> **What to produce**
Each line from the start of the listing below through the line containing "basement with light" should be reproduced exactly, with no others.

> **Data excerpt**
:::::

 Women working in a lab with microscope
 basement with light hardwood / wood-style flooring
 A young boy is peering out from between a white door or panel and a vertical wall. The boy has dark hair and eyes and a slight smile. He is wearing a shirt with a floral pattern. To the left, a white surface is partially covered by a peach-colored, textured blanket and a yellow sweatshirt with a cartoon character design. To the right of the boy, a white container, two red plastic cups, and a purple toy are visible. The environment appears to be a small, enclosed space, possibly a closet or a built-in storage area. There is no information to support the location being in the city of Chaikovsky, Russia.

:::::

> **Written answer**
 Women working in a lab with microscope
 basement with light hardwood / wood-style flooring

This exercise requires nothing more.